You are not the first to be befuddled by conventional explanations of B & H as they apply to practical electromagnetic devices such as ferrite inductor cores. I struggled for years with the standard explanations of the nature of B & H and their application in such devices. My salvation came from a single chapter in a largely forgotten book I happened upon in a used book store some twenty-odd years ago. I believe the book is now available on-line in pdf format. Try Google Books. The name of the book is "The Magnetic Circuit" by V. Karapetoff and was published around 1911 - yes, 110+ years ago! Nonetheless, magnetic principles were well understood at the time and the terminology has been essentially unchanged in the intervening decades.

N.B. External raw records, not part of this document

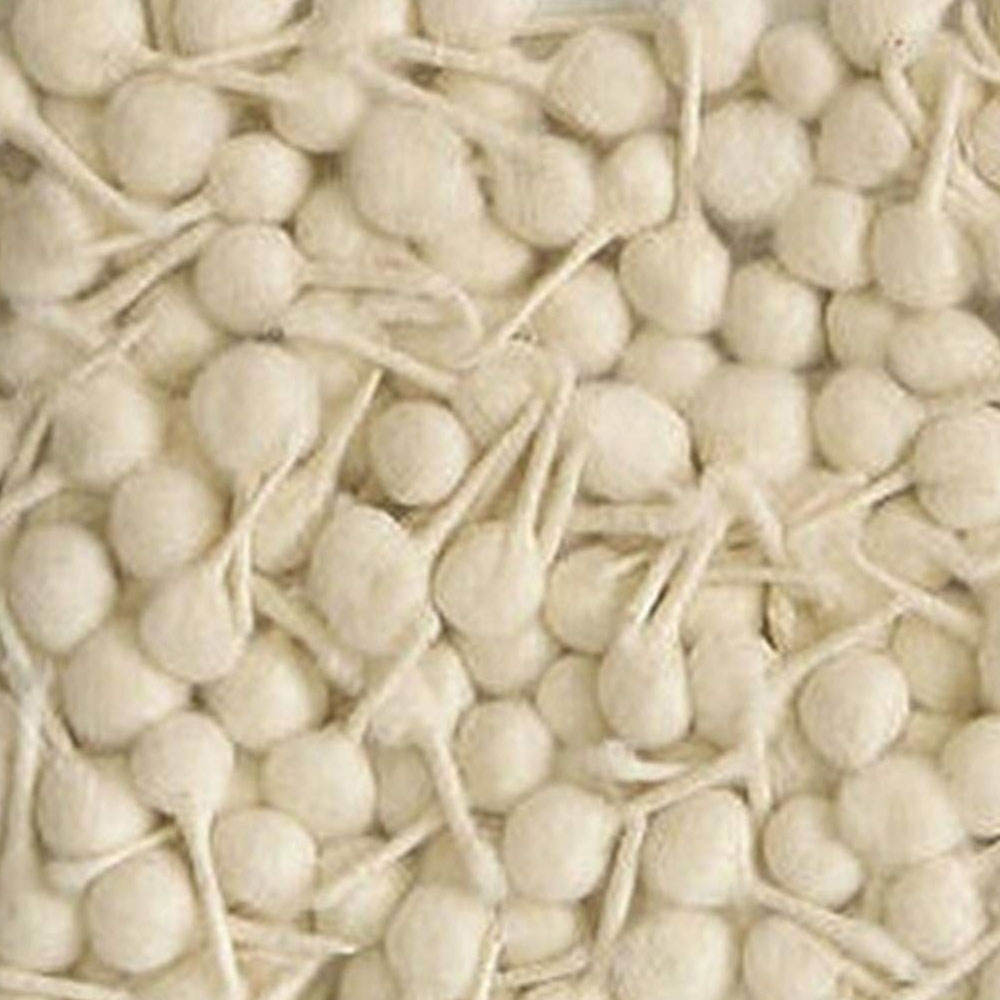 Diya Diwet Round view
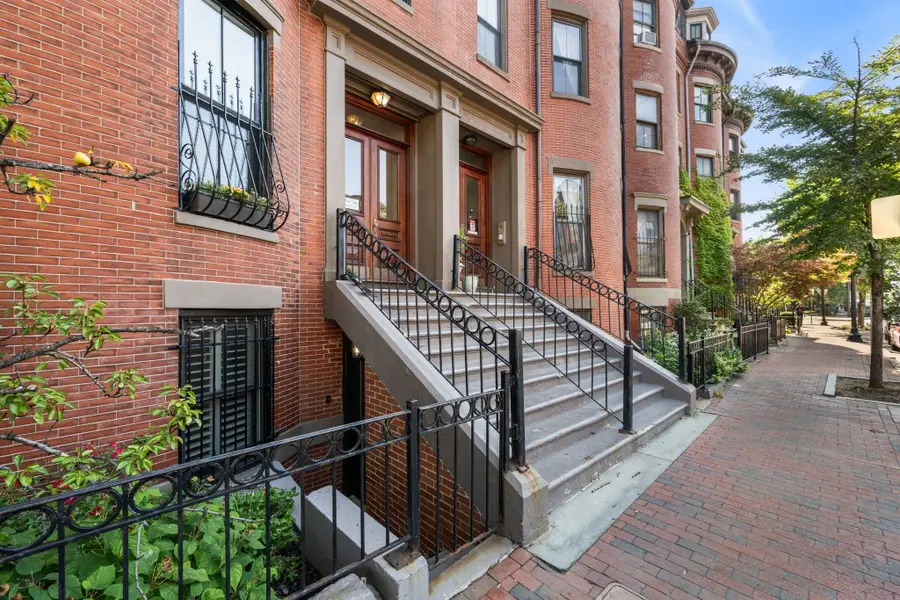 512 Massachusetts Ave #1, Boston, MA 02118 - #3
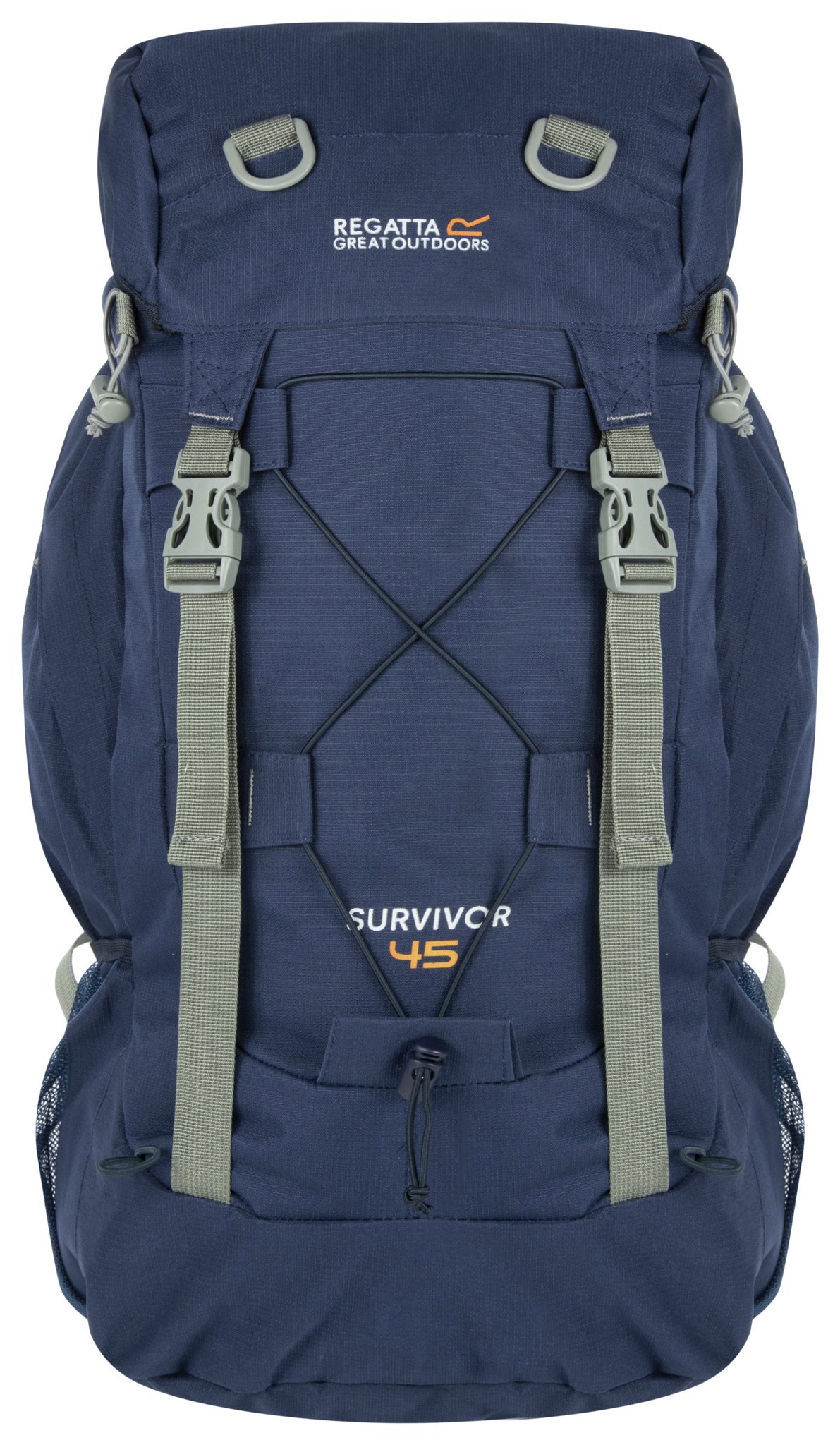 45l rucksack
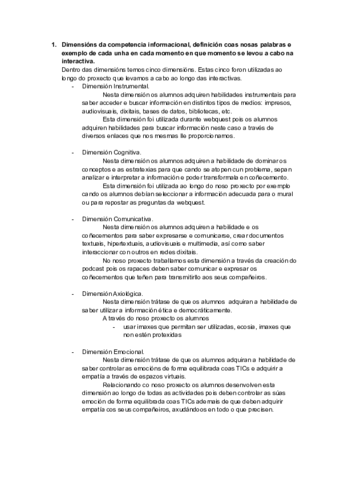 EXAME-2020-ENERO.pdf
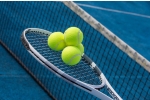 დღეს - საჩოგბურთო სიახლეები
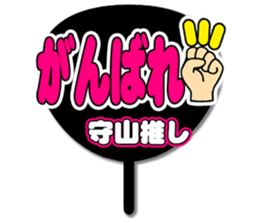 696574427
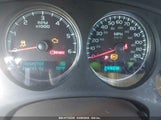 CHEVROLET TAHOE LTZ 1GNSCCE00ER228911 снимка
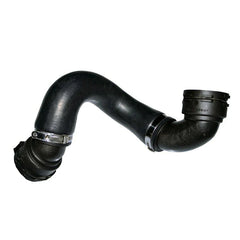 Crankcase Vent Hose From Valve Cover 17127564478 Compatible With BMW E90 E87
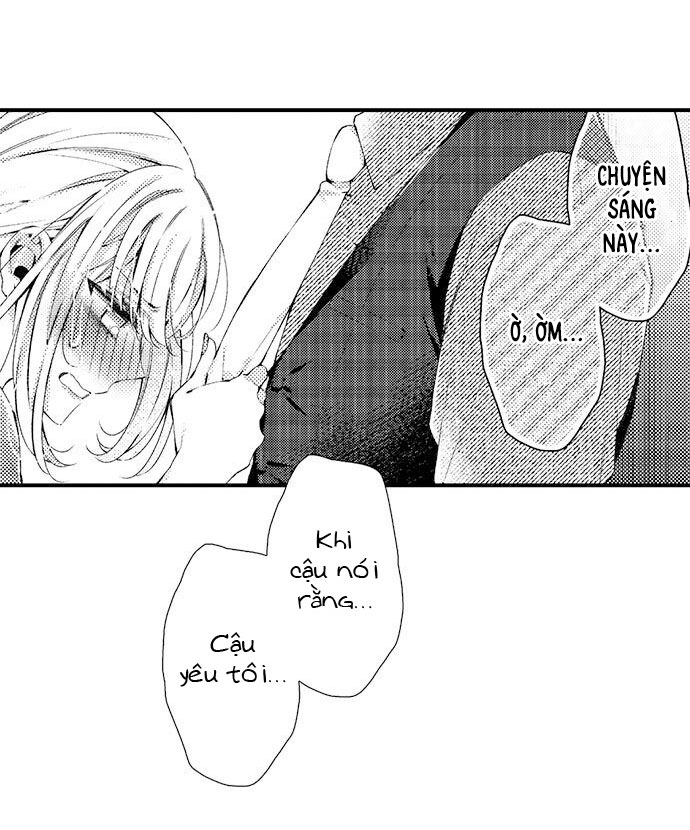 we had sex right before work chapter 4 11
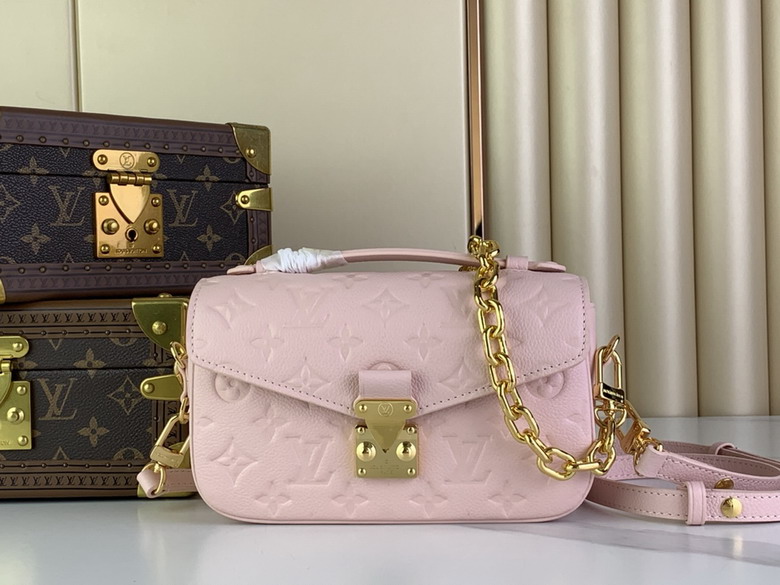 Metis M46595 21 5x6x13 5cm gf_1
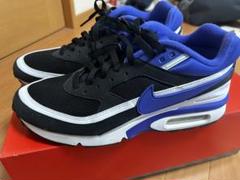 AIRMAXBW エアマックスBW DJ6124-001
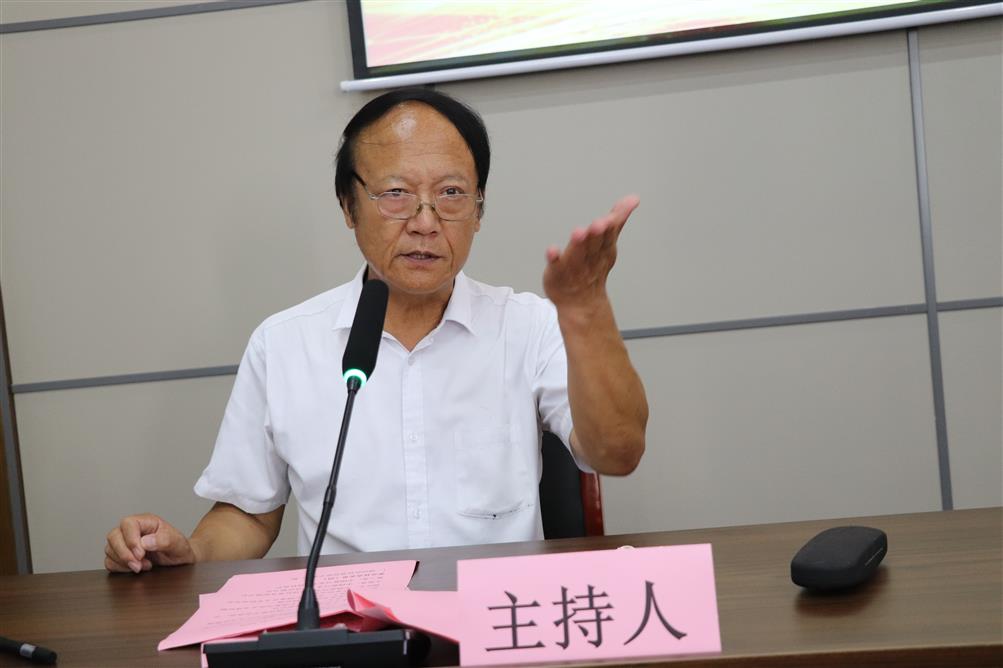 微信图片_20240813112429 微信图片_20240813112429.jpg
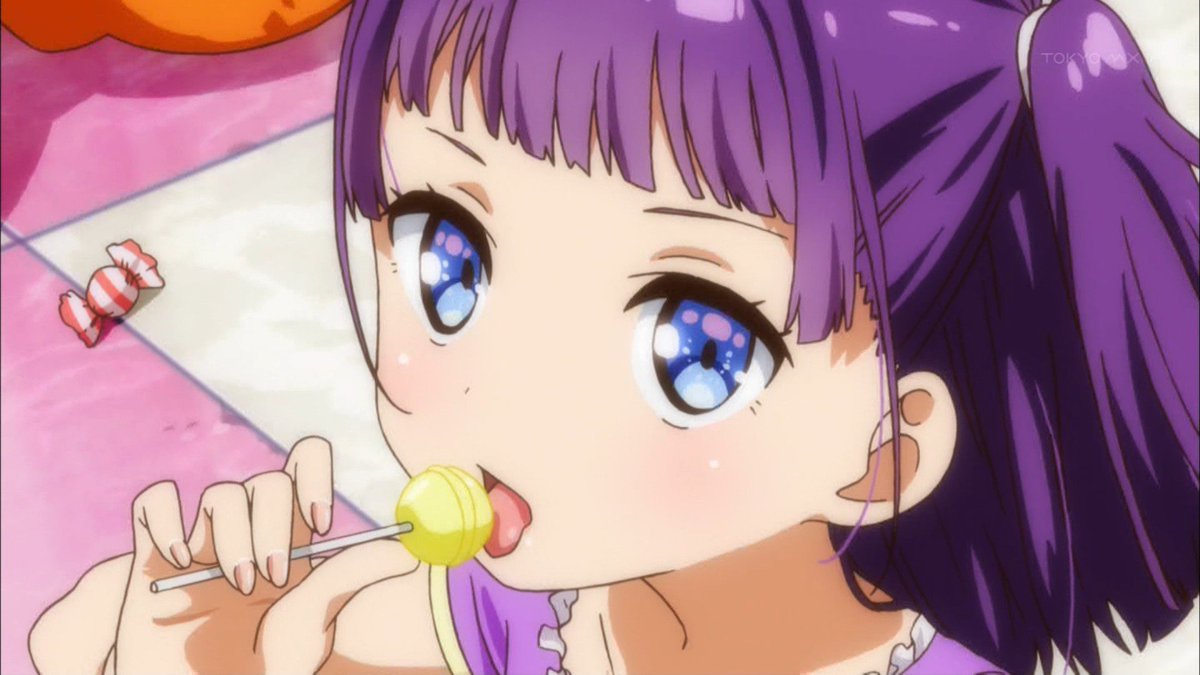 Ariko Kasumi Yuri Wiki Fandom Ariko Kasumi Yuri Wiki Fandom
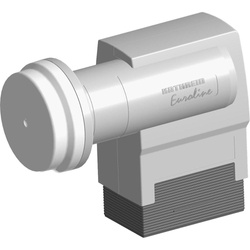 Universal Single LNB KEL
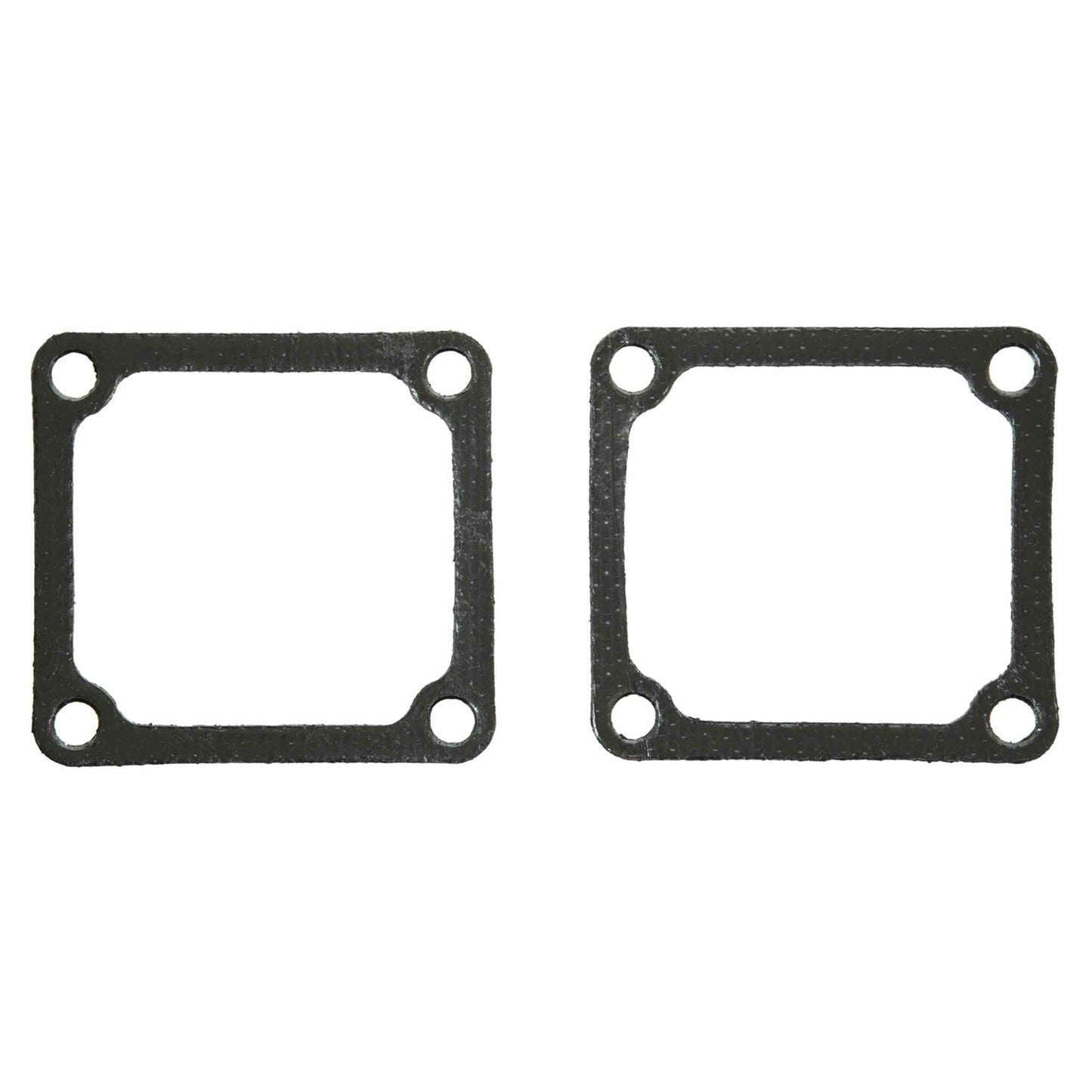 FelPro Plenum Gasket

If you read Chapter 1 very carefully you will be blessed with a very practical understanding of the magnetic field and all of its beautiful characteristics and its arcane terminology which is still in common use today (e.g. magnetomotive force, permeance, reluctance, flux vs flux density, etc.) The remaining chapters are also interesting, but not as well presented as Chapter 1, which I revere as a sparkling gem of engineering exposition.
It will also help your understanding if you construct a few simple air-core coils to experiment with as an aid to digestion of the basic concepts. Use a function generator to drive the coils and a smaller coil to sense the magnetic field and display it on an oscilloscope. The driven coils should be about 6-12 inches in diameter and the sense coil about 1/2" in diameter. A frequency of 1000 Hz is adequate. If you are really ambitious you should build the toroidal coil which the author uses as his main vehicle of explanation.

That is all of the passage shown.